Eltern werden - Eltern sein
Kinder und Erwachsene
Braucht das Zusammenleben mit den eigenen Kindern eine Schulung? Warum gestaltet sich die Beziehung zwischen Kindern und Eltern nicht zwanglos? Die Praxis zeigt: Im Alltag ist die Kommunikation oft von Missverständnisse und Fehleinschätzungen bestimmt.
8. April 2017, 21:58
Bereits 1762 stellte der französische Philosoph Jean Jaques Rousseau in seinem Erziehungsroman: "Emile - oder: Über die Erziehung" fest: "Man muss den Erwachsenen als Erwachsenen und das Kind als Kind betrachten." Und seine Erkenntnis, dass sich die Wahrnehmungsfähigkeit eines Kindes von der des Erwachsenen unterscheidet, war bahnbrechend für die moderne Pädagogik.

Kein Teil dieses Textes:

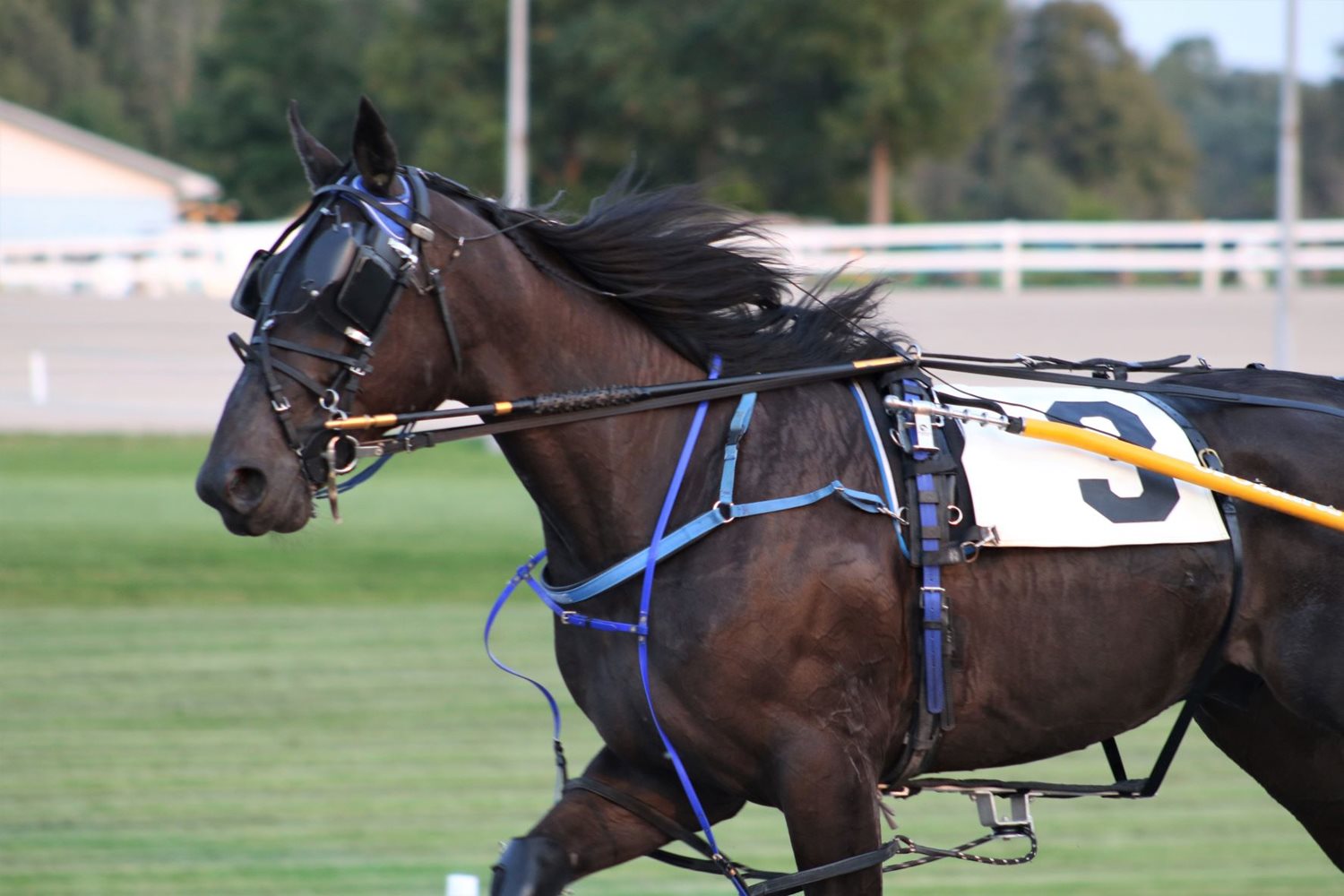 Garnet Barnsdale’s Flamboro Downs Selections: Sunday, October 10, 2021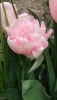 IMG-20200419-WA0004.thumb.jpg.0f0e10af50b3a946d01fd33616a54afe.jpg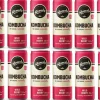 Remedy Wild Berry Kombucha 12 x 0.25 l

Führungsposition der Eltern
Führungsposition der ElternDie Beziehung zwischen Eltern und Kindern hat sich im Lauf der Geschichte verändert. Über Jahrhunderte war das Verhältnis von einem eindeutigen Machtgefälle bestimmt. Dieses wurde durch die sozialen Revolutionen der 1960er und 1970er Jahre des 20. Jahrhunderts in der westlichen Welt in Frage gestellt. Entwicklungspsychologische Erkenntnisse und die Erfahrungen, die in den reformpädagogischen Schulen gesammelt wurden, waren die Basis dafür. Der Traum: eine neue Welt auf der Basis selbstbewusster und frei erzogener Kinder zu errichten, schien zumindest in ersten Schritten möglich zu sein.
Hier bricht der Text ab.